# Records contained in a dataset
—————

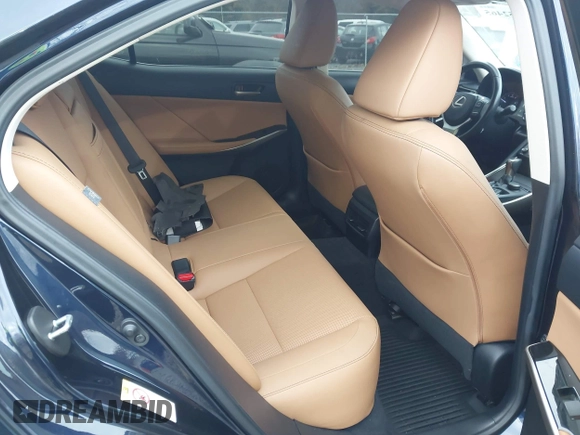 2018 Lexus IS 300 with VIN JTHC81D25J5033053, listed as a IAAI auction lot 40852465 with 77,892 mi miles and . Bid and sale history available at DreamBid. Image 8.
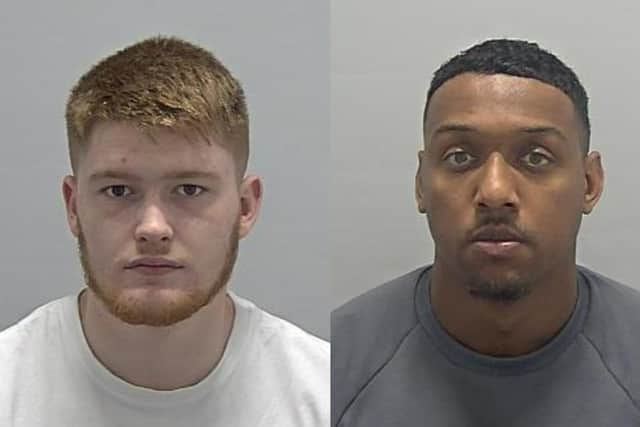 Who are Tyrone Baker and Oliver Hamilton in 24 Hours in Police Custody and how long did they get for drug dealing?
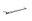 Picture of LP Aventure 18-19 Subaru Crosstrek Rock Sliders Rock Guard - Bare Pair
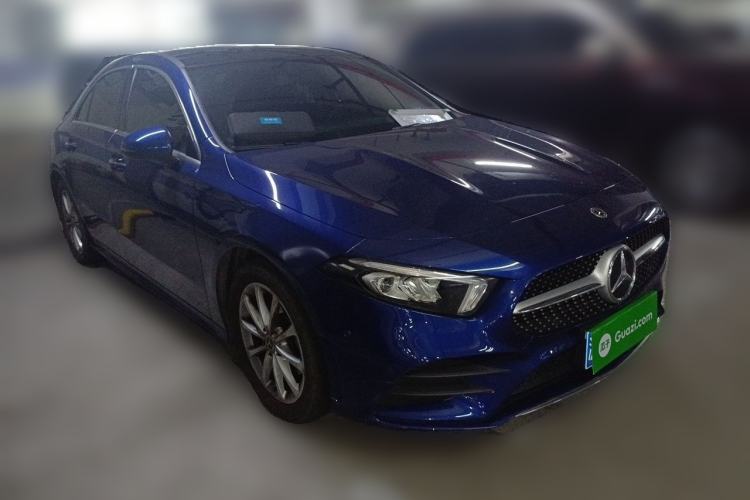 Used Mercedes-Benz A-Class 2021 A 200 L Sport Sedan Fashion Model Front Right 45 Deg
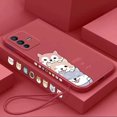 thumbnail image 1 of Funda Huawei Y7A Y9s Y9 2019 Y7P 2020 Y9 primer 2019 Y5P Silicone Three Cute Puppy Phone Case, 1 of 4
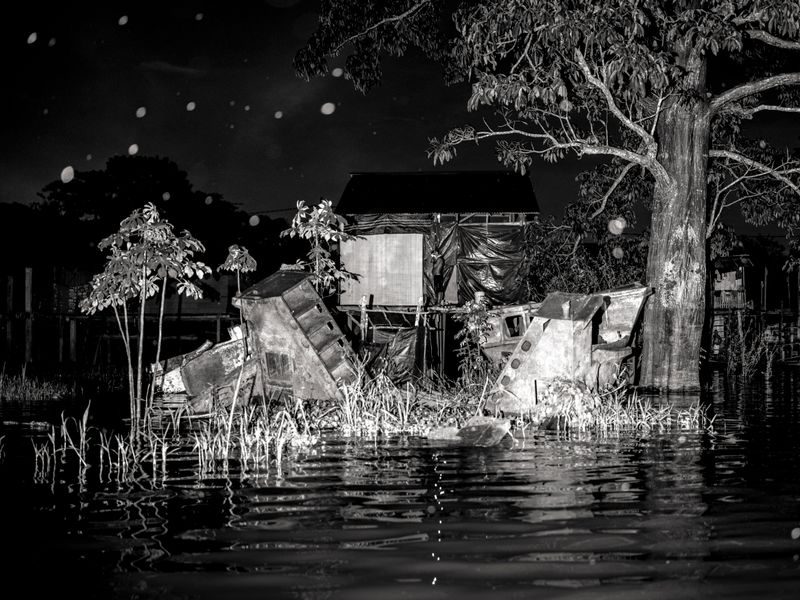 © Musuk Nolte - Image from the The Jaguar Dies in a Defensive Position photography project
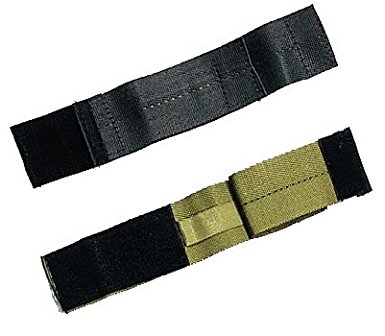 Rothco G.I. Style Commando Nylon Watchband, Black, O/S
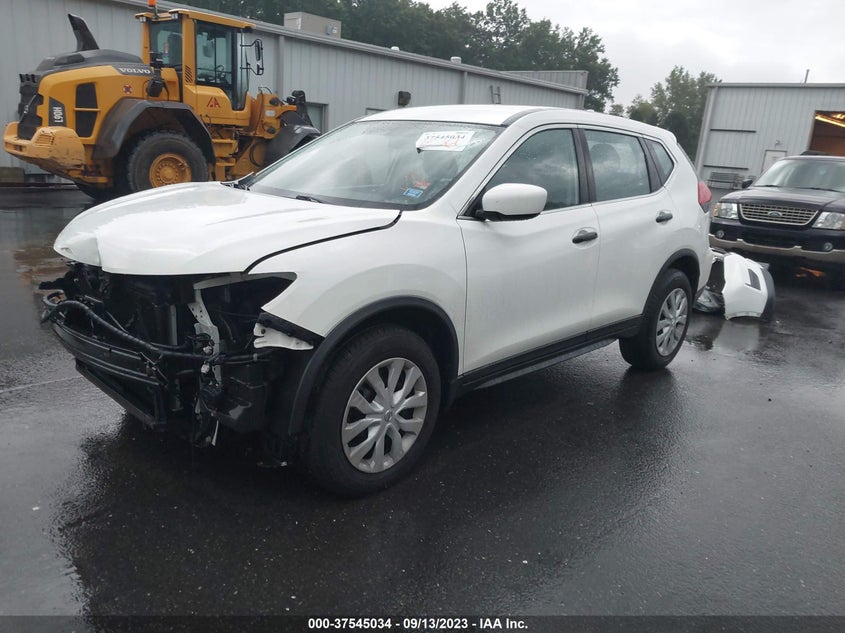 VIN JN8AT2MV4HW014512 2017 NISSAN ROGUE S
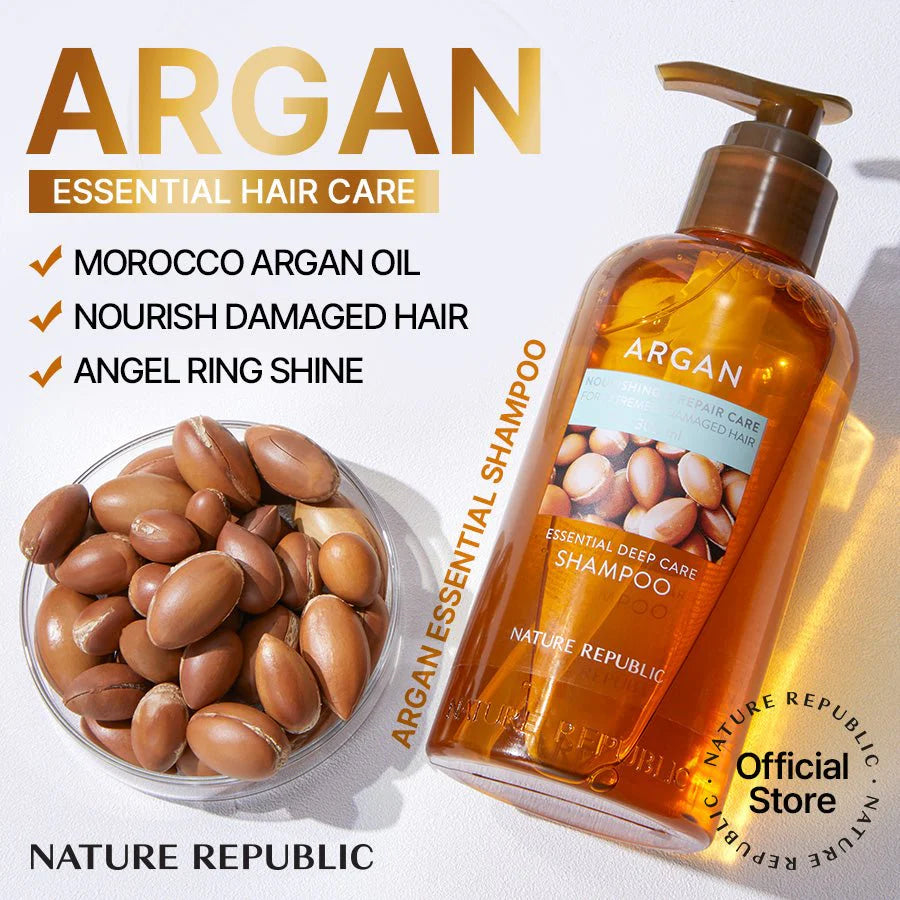 NATURE REPUBLIC  Argan Essential Deep Care Shampoo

—————

# THE PROBLEM
Please retype the entries above word for word, but only from the line containing "Picture of LP" through the last line, and without the pictures.

# OUTPUT BELOW
 Picture of LP Aventure 18-19 Subaru Crosstrek Rock Sliders Rock Guard - Bare Pair
 Used Mercedes-Benz A-Class 2021 A 200 L Sport Sedan Fashion Model Front Right 45 Deg
 thumbnail image 1 of Funda Huawei Y7A Y9s Y9 2019 Y7P 2020 Y9 primer 2019 Y5P Silicone Three Cute Puppy Phone Case, 1 of 4
 © Musuk Nolte - Image from the The Jaguar Dies in a Defensive Position photography project
 Rothco G.I. Style Commando Nylon Watchband, Black, O/S
 VIN JN8AT2MV4HW014512 2017 NISSAN ROGUE S
 NATURE REPUBLIC  Argan Essential Deep Care Shampoo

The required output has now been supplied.